Latest opinion polls suggest that Netanyahu’s coalition would lose power if an election was held today, with many voters unhappy over the continued conflict in Gaza.
United Torah Judaism, one of two ultra-Orthodox parties in the coalition, said it would withdraw from the government unless it secured last-minute concessions formalising an exemption for ultra-Orthodox men from military service.
The opposition party Yesh Atid, led by former prime minister Yair Lapid, put forward a parliamentary vote for next week to topple the government, even as the Israeli army continues operations in the Gaza Strip. It would require the support of 61 out of the 120 members of the parliament to succeed.
“This Knesset (parliament) is finished. It has nowhere to go,” Lapid said. Netanyahu, Israel’s longest-serving prime minister, has remained silent on the looming crisis.
A spokesperson for United Torah Judaism leader Yitzhak Goldknopf said the party would vote in favour of dissolving parliament unless exemption legislation was passed. With a week until the vote, Netanyahu and his allies still have time to negotiate over an issue that has dogged the coalition for months.
A source close to the government said that negotiations within the coalition were continuing.
Netanyahu’s coalition of secular right-wing and ultra-Orthodox parties holds an 8-seat majority in parliament. United Torah Judaism has 7 seats while its ally, Shas, the other ultra-Orthodox party, has 11. The coalition is sharply divided over whether young ultra-Orthodox men who are studying in religious seminaries should be exempt from mandatory military service.
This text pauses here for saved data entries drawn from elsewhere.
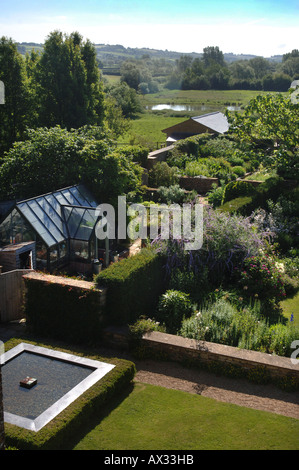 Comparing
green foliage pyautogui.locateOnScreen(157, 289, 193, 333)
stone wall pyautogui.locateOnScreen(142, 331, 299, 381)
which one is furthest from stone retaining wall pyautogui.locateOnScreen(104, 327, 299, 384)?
green foliage pyautogui.locateOnScreen(157, 289, 193, 333)

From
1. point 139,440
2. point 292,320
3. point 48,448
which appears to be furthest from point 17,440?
point 292,320

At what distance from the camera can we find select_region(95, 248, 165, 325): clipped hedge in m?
9.20

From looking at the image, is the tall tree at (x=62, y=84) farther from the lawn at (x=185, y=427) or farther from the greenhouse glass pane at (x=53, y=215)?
the lawn at (x=185, y=427)

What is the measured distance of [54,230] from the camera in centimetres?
1273

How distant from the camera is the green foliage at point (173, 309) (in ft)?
32.3

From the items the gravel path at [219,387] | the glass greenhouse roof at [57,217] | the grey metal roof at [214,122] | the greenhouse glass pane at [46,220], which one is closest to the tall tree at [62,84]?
the glass greenhouse roof at [57,217]

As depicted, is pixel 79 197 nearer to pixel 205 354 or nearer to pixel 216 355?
pixel 205 354

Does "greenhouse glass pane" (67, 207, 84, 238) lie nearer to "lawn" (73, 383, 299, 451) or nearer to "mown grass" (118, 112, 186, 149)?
"lawn" (73, 383, 299, 451)

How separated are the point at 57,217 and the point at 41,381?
6.56m

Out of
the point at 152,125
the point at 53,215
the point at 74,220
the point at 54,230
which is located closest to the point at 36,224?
the point at 54,230

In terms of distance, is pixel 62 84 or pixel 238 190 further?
pixel 62 84

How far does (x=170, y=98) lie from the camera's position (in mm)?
100750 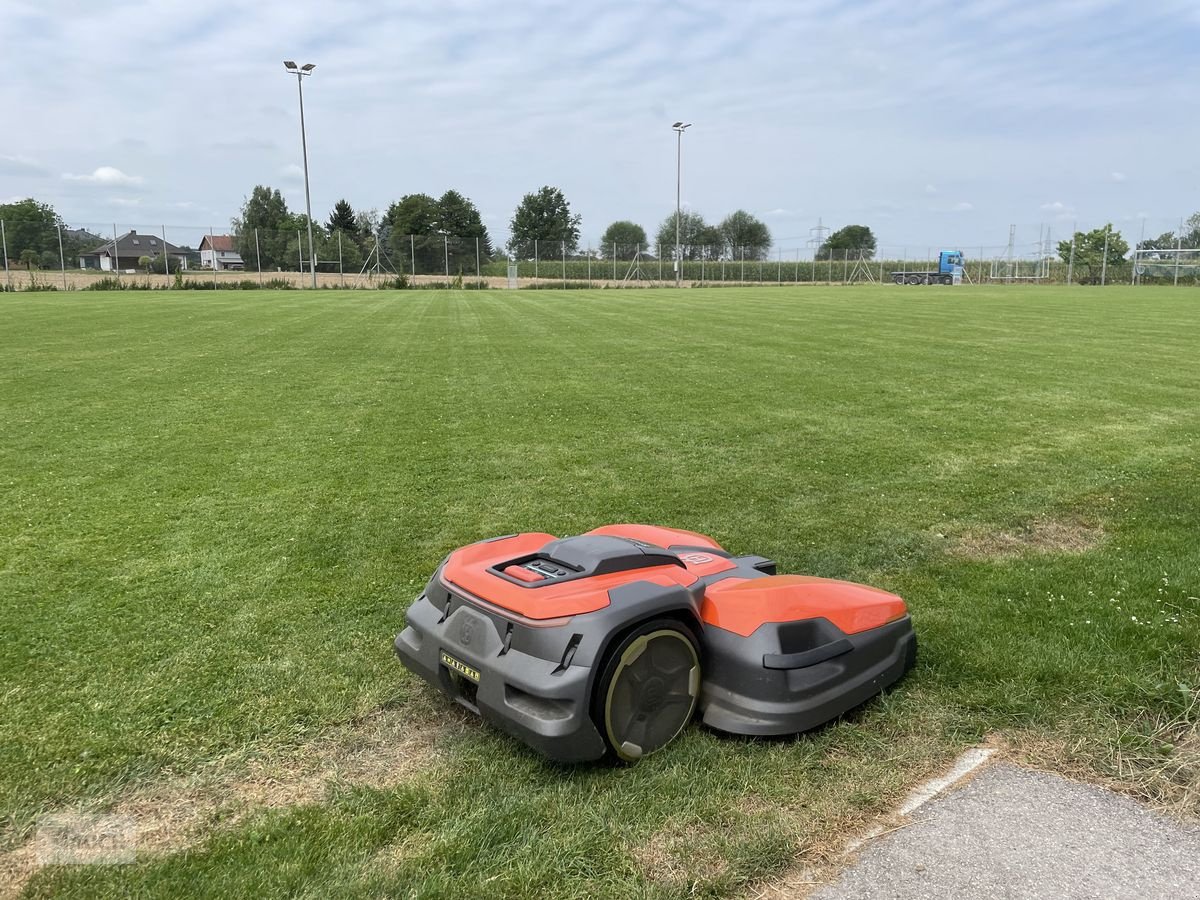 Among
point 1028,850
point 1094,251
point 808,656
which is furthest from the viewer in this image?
point 1094,251

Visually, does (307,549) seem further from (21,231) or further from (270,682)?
(21,231)

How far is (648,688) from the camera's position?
2693 millimetres

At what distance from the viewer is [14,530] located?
4.91 m

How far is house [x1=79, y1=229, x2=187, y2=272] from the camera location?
1652 inches

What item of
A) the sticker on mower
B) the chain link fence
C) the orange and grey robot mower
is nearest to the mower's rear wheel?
the orange and grey robot mower

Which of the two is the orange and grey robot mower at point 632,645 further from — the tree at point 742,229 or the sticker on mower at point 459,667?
the tree at point 742,229

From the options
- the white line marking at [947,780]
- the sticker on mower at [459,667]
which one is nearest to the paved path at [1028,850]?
the white line marking at [947,780]

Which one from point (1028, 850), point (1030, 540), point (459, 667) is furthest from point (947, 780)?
point (1030, 540)

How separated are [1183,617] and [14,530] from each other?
20.5ft

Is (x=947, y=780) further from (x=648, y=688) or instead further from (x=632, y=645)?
(x=632, y=645)

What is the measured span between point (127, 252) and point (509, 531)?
1788 inches

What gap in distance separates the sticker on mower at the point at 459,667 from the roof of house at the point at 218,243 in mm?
47096

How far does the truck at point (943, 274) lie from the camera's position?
69.4m

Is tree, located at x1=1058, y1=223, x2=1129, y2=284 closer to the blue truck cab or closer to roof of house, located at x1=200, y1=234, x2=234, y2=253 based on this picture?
the blue truck cab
Failing to pass an exemption risks a walkout by ultra-Orthodox lawmakers, while approving it could trigger a protest exit by secular parties. Coalition member Ohad Tal of Bezalel Smotrich’s Religious Zionism party criticised Goldknopf for threatening to trigger elections and called on the ultra-Orthodox lawmaker to resign.
He urged others to negotiate a new arrangement but that a blanket exemption from military service could no longer stand.
Former Knesset member Ofer Shelah said Netanyahu was likely betting the ultra-Orthodox lawmakers were bluffing, given the polls suggested they faced defeat in any early election.
In March, ultra-Orthodox lawmakers threatened to bring down the government over the same issue, but time passed without any action. Resentment over the informal exemption given to religious seminary students is growing and lawmakers from the ruling coalition and opposition ranks say it is no longer tenable.